The modern love for hating heroes has gone too far – now Chelsea fans are causing sorrow to their star man
There was plenty of excitement in the media this week about David Bowie's surprise comeback single. Although it has to be said some of it felt a bit like the kind of excitement you often find in those terribly sombre BBC documentaries where a man with a beard stands in front of a bookcase and says "punk was the cultural chainsaw that transformed absolutely everything for ever. Its influence is … staggering" over footage of drunk people jostling each other while a cross-looking man pretends he can play the guitar. You know the kind of excitement: triumphant mid-life vindication excitement, the kind of excitement that might even seem a bit weird to the actually-young, for whom David Bowie – while obviously, you know, great – has perhaps already become a respectfully observed cultural display-treasure, the kind of old dude that old dudes will dangle as some kind of trouncingly authentic measure of their own incomparable teenage ultimacy.
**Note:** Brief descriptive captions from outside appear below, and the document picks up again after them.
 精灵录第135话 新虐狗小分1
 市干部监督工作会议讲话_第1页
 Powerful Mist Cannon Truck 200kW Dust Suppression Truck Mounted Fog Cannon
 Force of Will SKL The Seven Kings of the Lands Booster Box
No doubt Bowie can avoid this fate. Genuine talent steps outside such narrow boundaries and his new single is a lovely thing. Plus Bowie has already bridged this same old-dude hiatus several times in his career. When he reappeared on Top of the Pops as Let's Dance-era David Bowie in the mid-1980s I can remember finding him very confusing at first, assuming sympathetically that there must be something fundamentally quite wrong with this sweating waxwork propped up in a roadside speakeasy twitching and grimacing and shouting about the serious moonlight. He seemed troubled. Perhaps he was having problems using his legs. In the middle of his next single China Girl, which is about having a Chinese girlfriend, Bowie suddenly shouted out "VISIONS OF SWASTIKAS IN MY HEAD!". If I'd been friends with Bowie's girlfriend at that point I'd have probably had a quiet word. I'm just not sure David's right for you. I know he's nice. I know he dresses well. But I think he has visions of swastikas In his head. No. No, don't call him.
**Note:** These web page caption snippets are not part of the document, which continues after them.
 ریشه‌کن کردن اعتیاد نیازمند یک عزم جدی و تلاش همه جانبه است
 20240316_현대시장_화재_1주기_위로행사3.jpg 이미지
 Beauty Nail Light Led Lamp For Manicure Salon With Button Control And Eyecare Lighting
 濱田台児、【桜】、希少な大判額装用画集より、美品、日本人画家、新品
In the event Bowie just slipped back into the swim of things, propelled by the simple fact of his own enduring talent, that mixed bag of glass-spider swastika-headed cross-generational brilliance, as he has again now pretty much straight off the bat: priestly, restrained, dressed simply in his favourite alien sex-jumpsuit, and looking as ever like the only man in the world who really understands how all this works.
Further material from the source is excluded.